Canada sent more than a dozen extra officers to Asia to process the applicants and they worked long hours doing so. The result was that people were processed within eight weeks and on their way to Canada. Once they arrived safely, they were sent to special offices that were set up to complete the process.
Eight weeks then, almost two years now
Molloy was mortified to learn that now, it can take almost two years to process people from the Mediterranean region who want to seek asylum in Canada. “If people are in desperate states—we’ve got children living in tents—why the hell don’t we put enough people out there to move people in a more reasonable time,” he asks.

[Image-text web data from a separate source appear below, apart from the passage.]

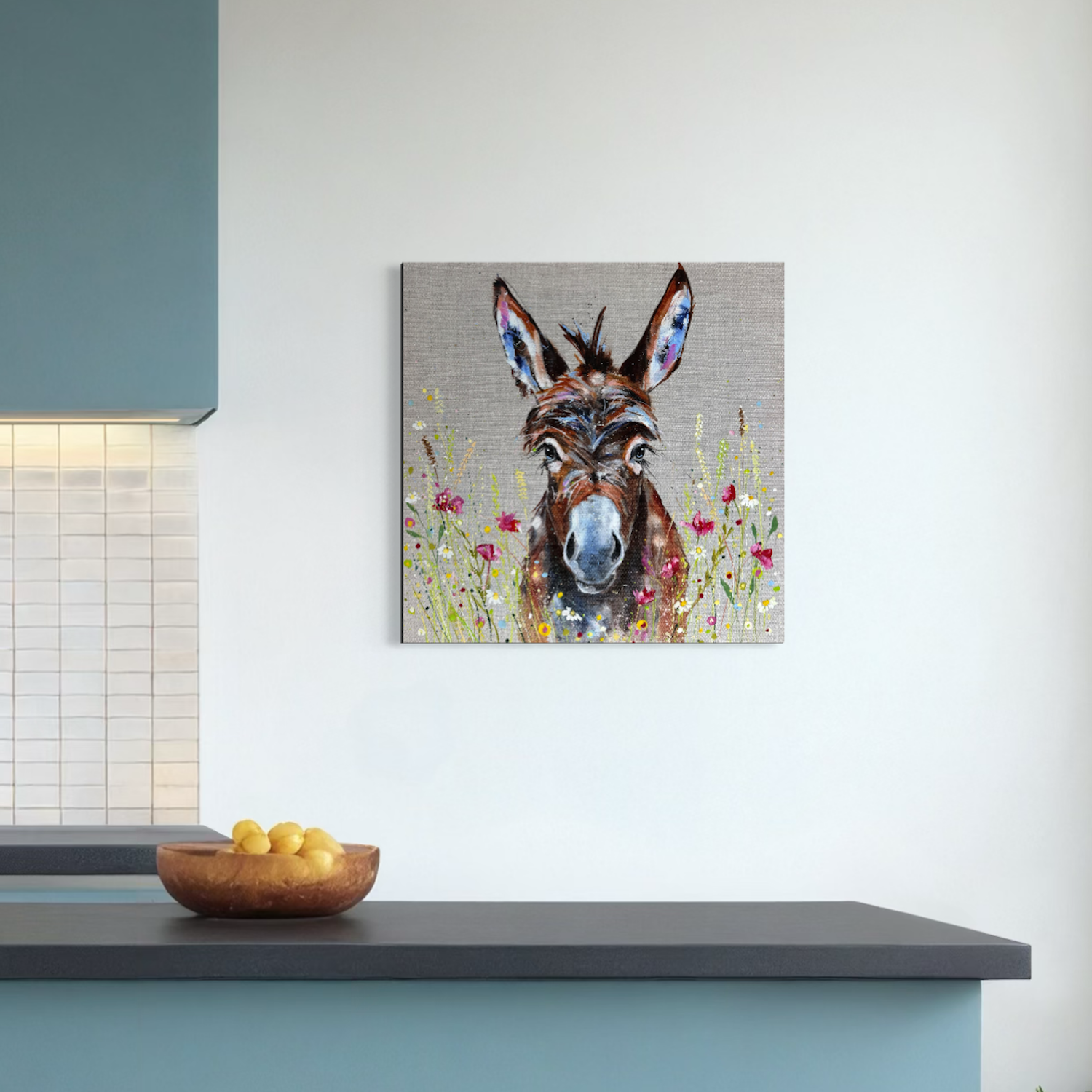 poppy the donkey by Louise Luton in kitchen setting.png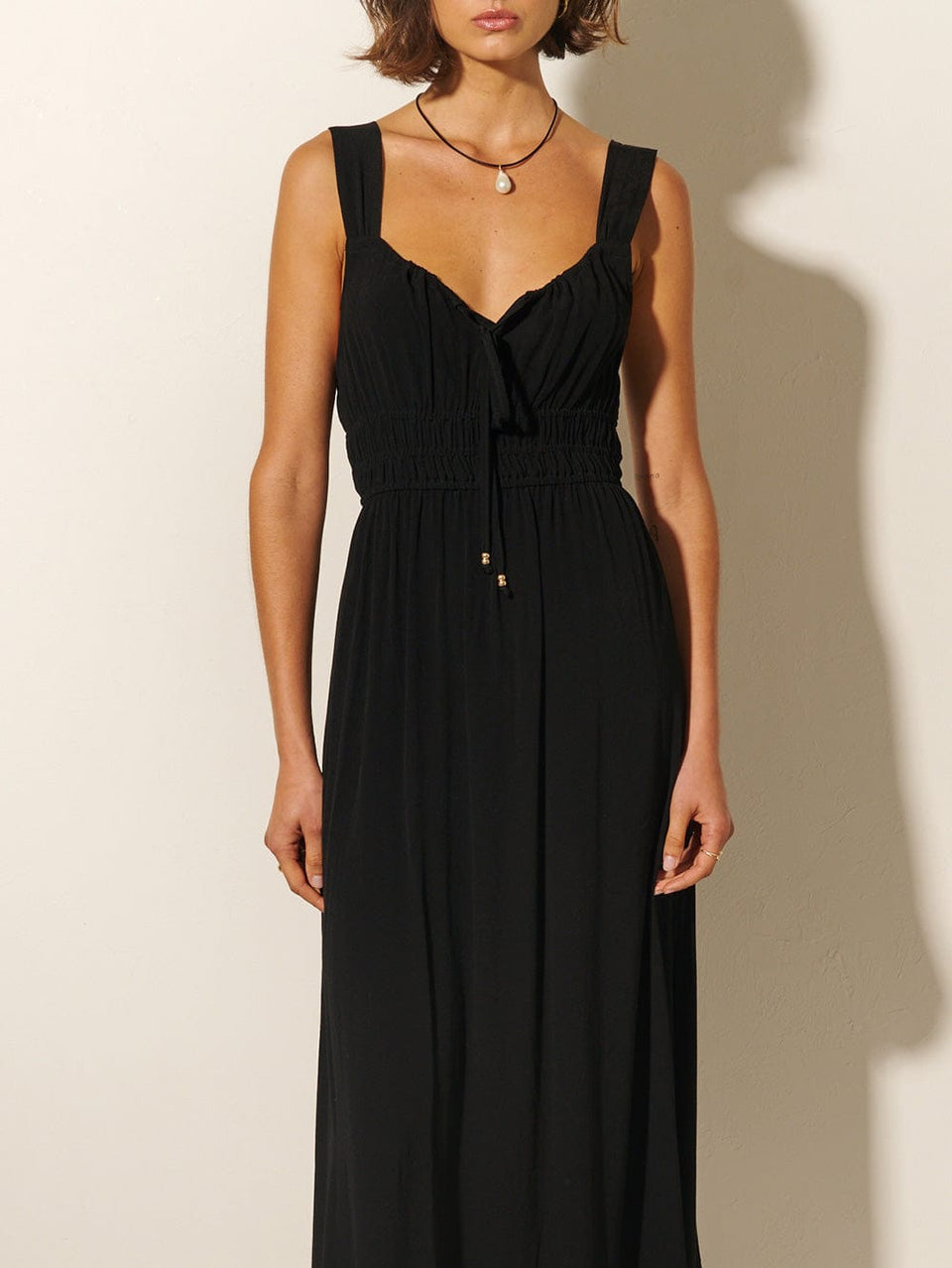 Maria Strappy Midi Dress KIVARI | Model wears black midi dress close up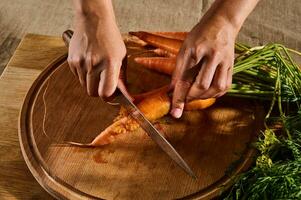 superiore Visualizza di femmina mani taglio, tritare, affettare fresco crudo bambino carota su un' di legno tavola. avvicinamento di mano con coltello taglio fresco verdura. foto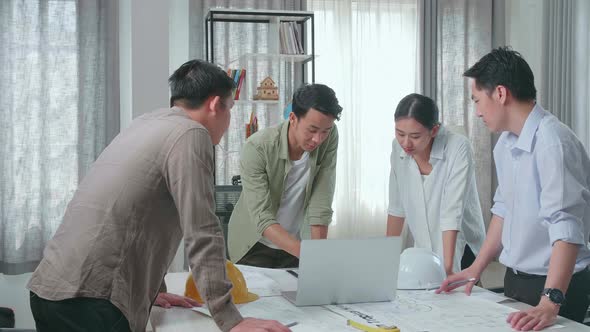 Group Of Asian Engineers Using A Laptop For Working At The Office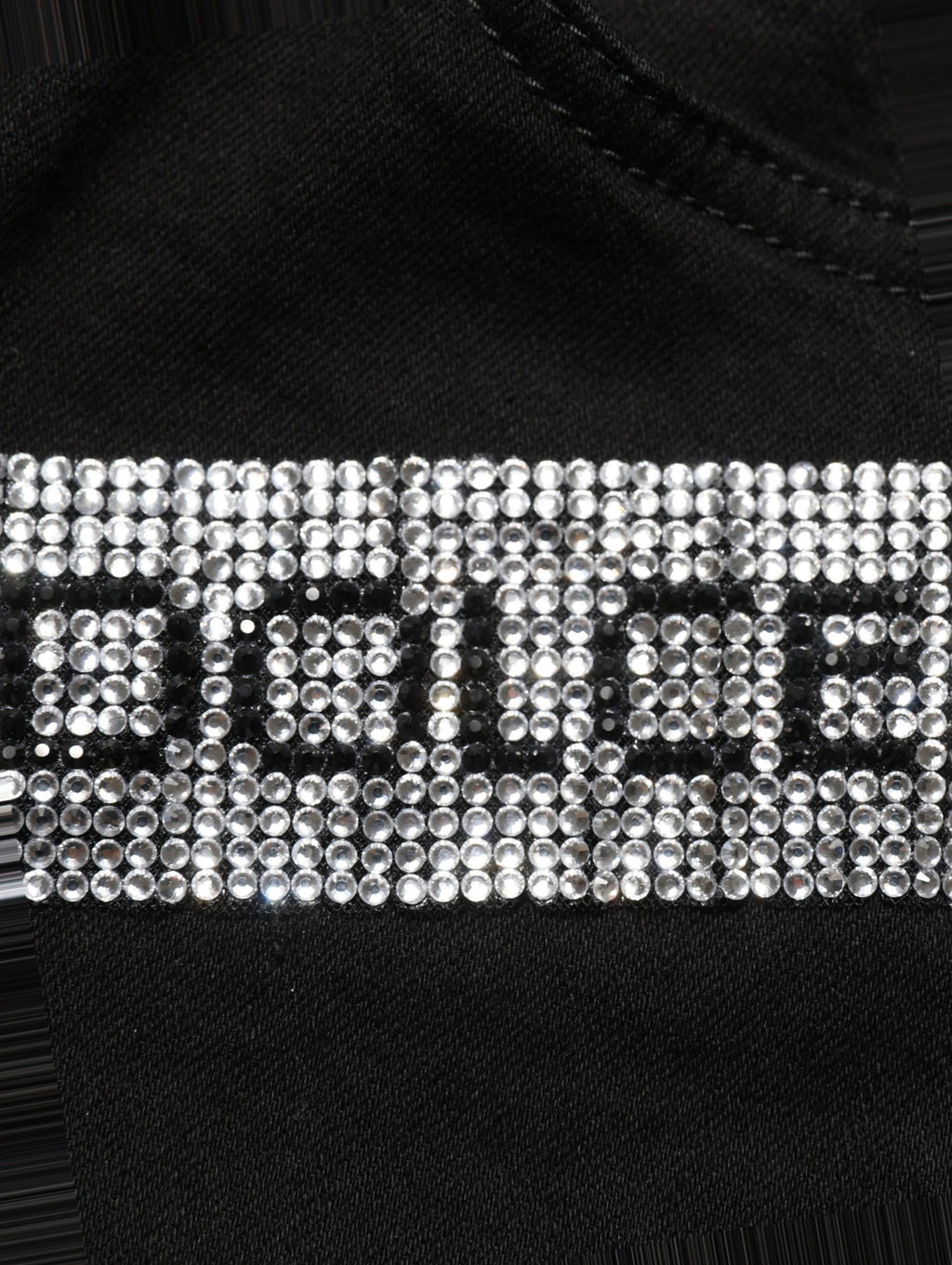 Jeans en denim noir Dolce & Gabbana Grace à taille haute ornés de strass avec style élégant et détails raffinés.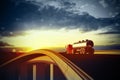 Red truck on blurry asphalt road Royalty Free Stock Photo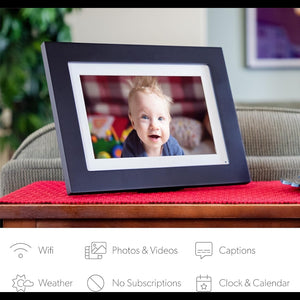 Hostecno Photoshare 10" WiFi digital picture frame with HD touchscreen, black wood frame, displays baby photo.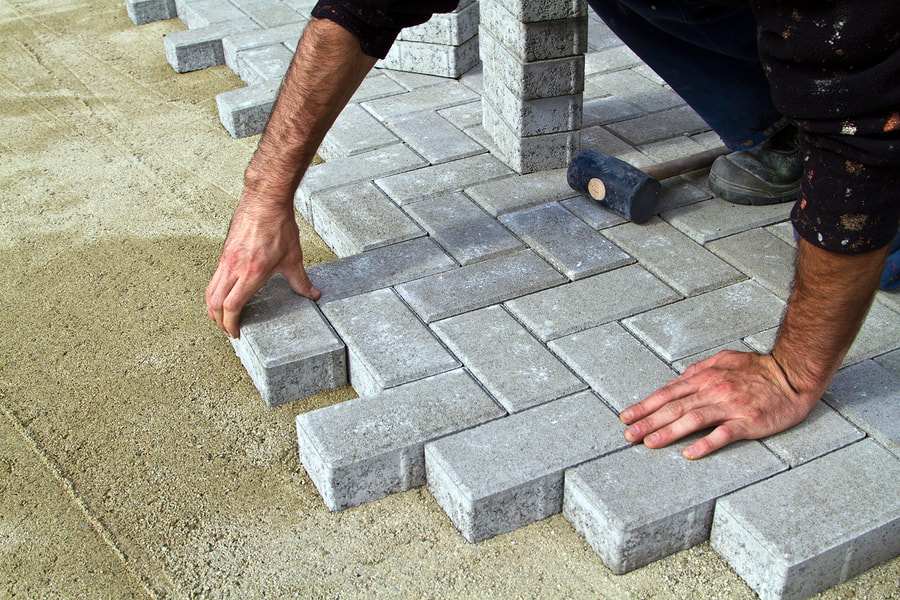 man installing a blocks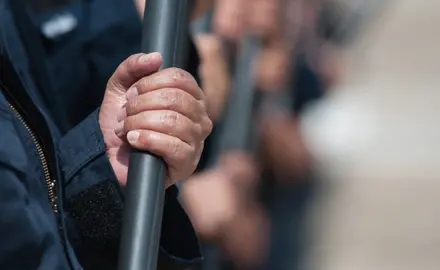 Close up of a police officer holding a baton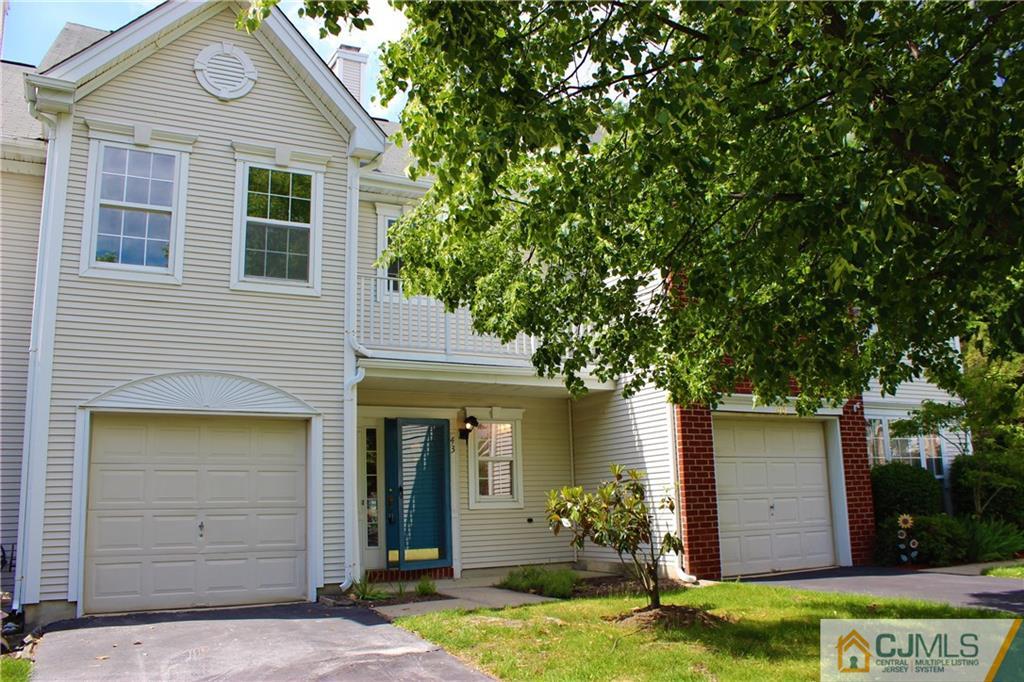 43 Alpine Road Holmdel, NJ 07733 - Photo 2 of 25 a front view of a house with a yard garage and outdoor seating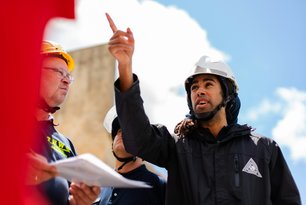 Ingenieur mit Helm zeigt mit Finger auf Baustelle
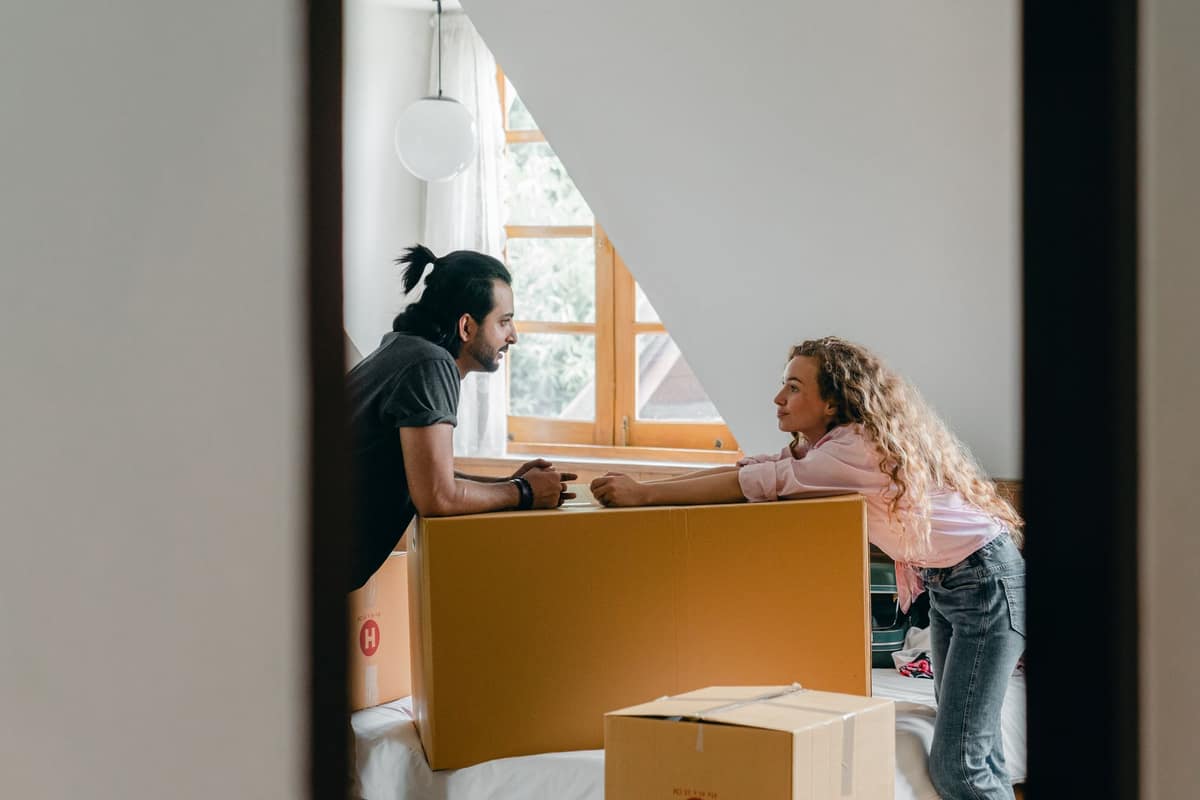 Two students leaning on moving boxes in a bright room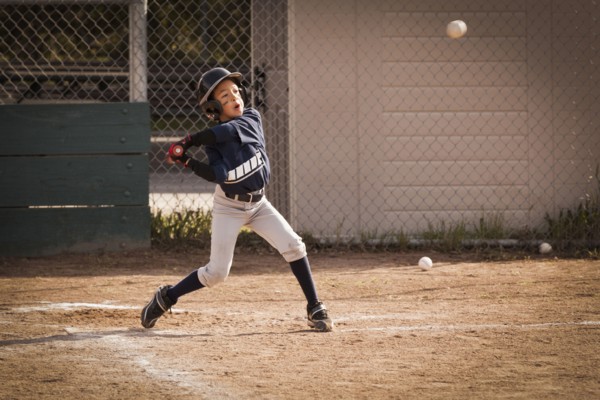 African American boy playing baseball
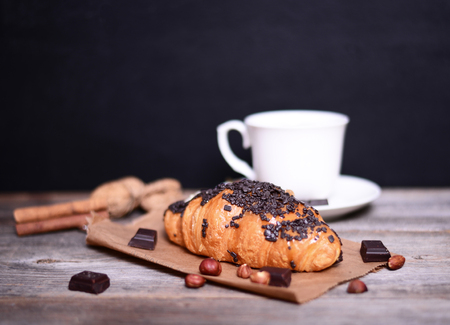 Chocolate croissant and coffee on wooden tableの写真素材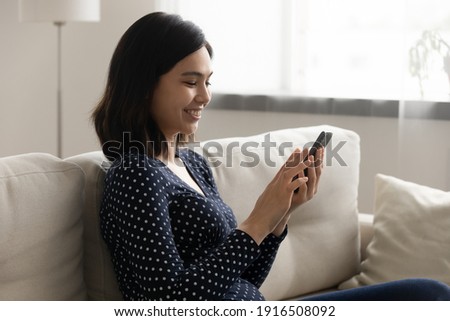 Smiling vietnamese female spend leisure time on cozy couch at home browsing social networks online reading blogs news using cell. Tranquil young asian woman watching video photo on smartphone screen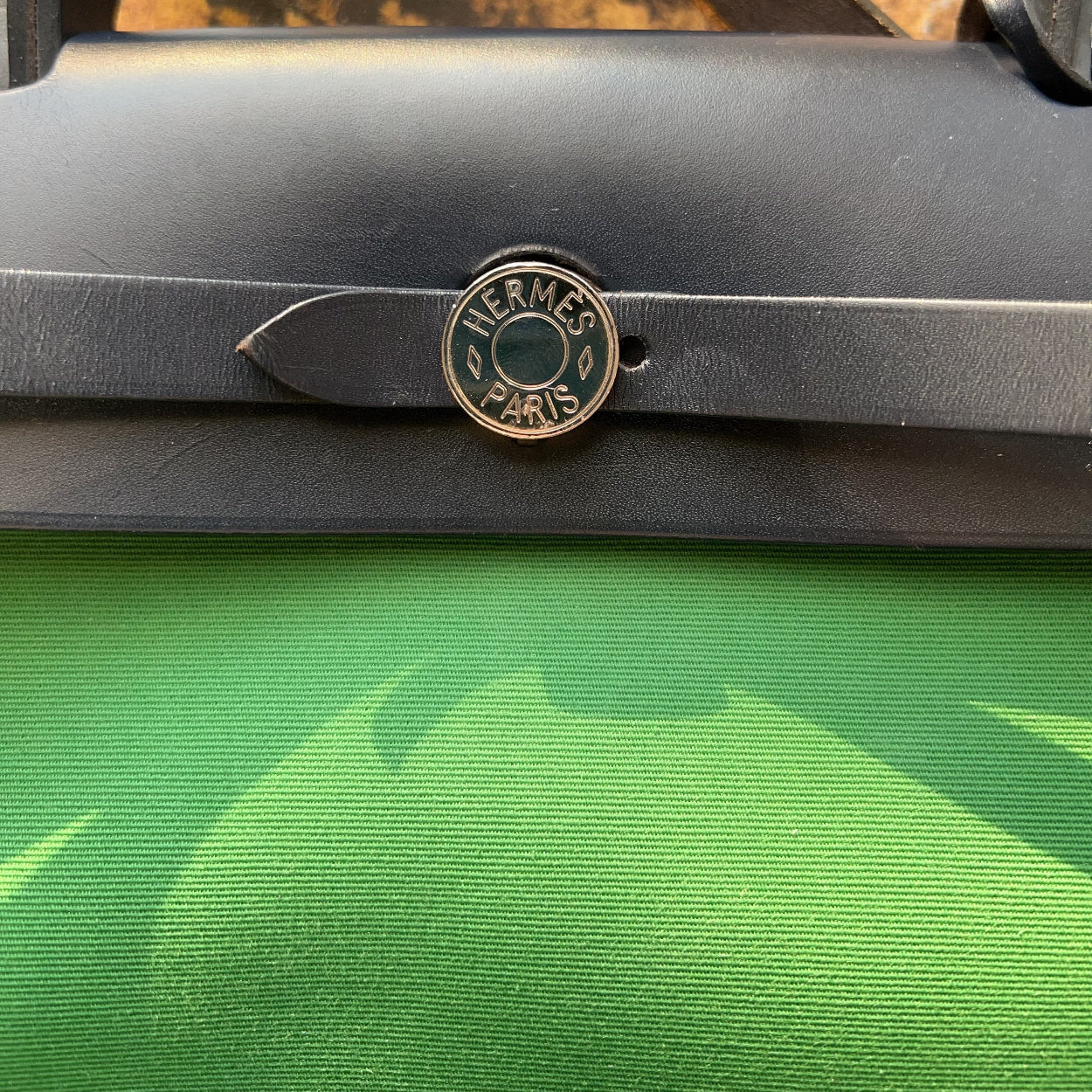 Close-up of a Hermès bag with a visible logo on a green surface.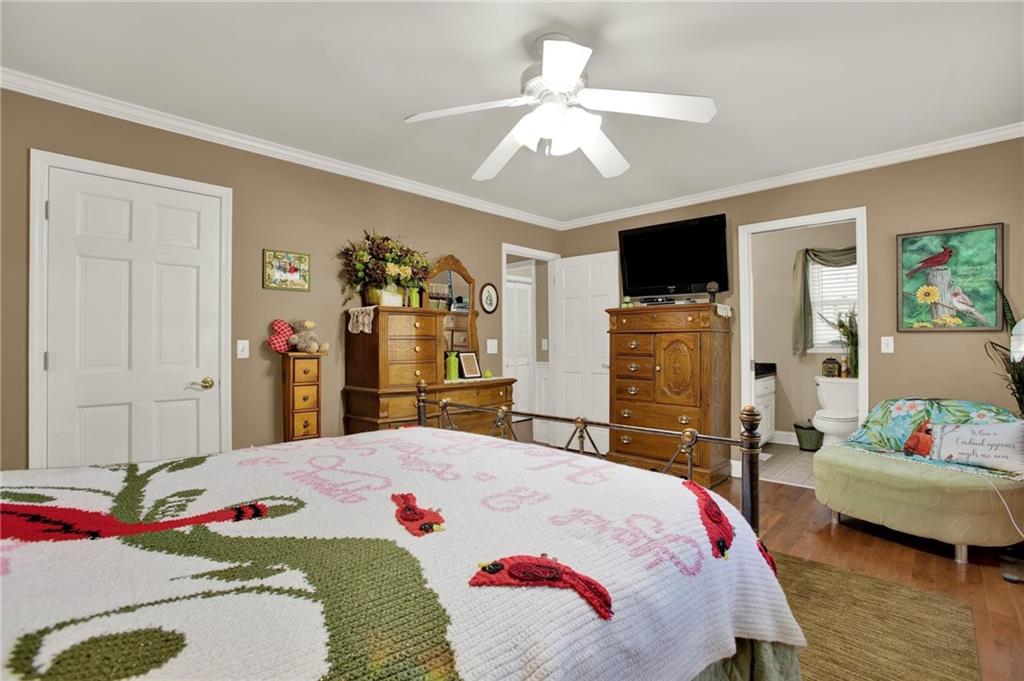 103 Mims Drive Calhoun, GA 30701 - Photo 17 of 34 a bedroom that has a bed and a flat screen tv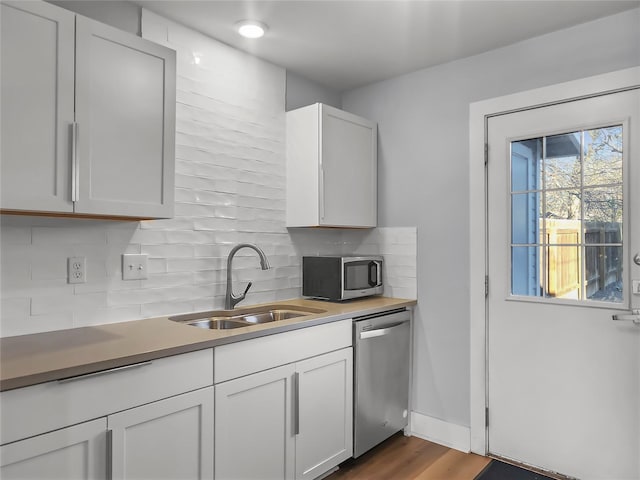 kitchen featuring white cabinetry, sink, backsplash, and appliances with stainless steel finishes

Sponsorship manual 54 pages long
Molloy adds the private sponsorship program now “is overly complicated” noting the instruction manual for Canadian who want to sponsor is 54 pages long. He also finds it odd and an abrogation of Canadian sovereignty that officials rely on the United Nations or Turkey to tell them who is a refugee.
Lack of Canadian action ‘a mystery’
Instead Milloy thinks Canada should recognize a distinct group of people—those with a connection to Canada either through relatives living here or groups willing to sponsor them, and those families with children.
“Target those,” he says. “We get the most bang for the buck in terms of our resources and we get those children out of the camps and in to Canadian schools as soon as possible. That’s what we should be doing. Why we are not doing that is a mystery to me.”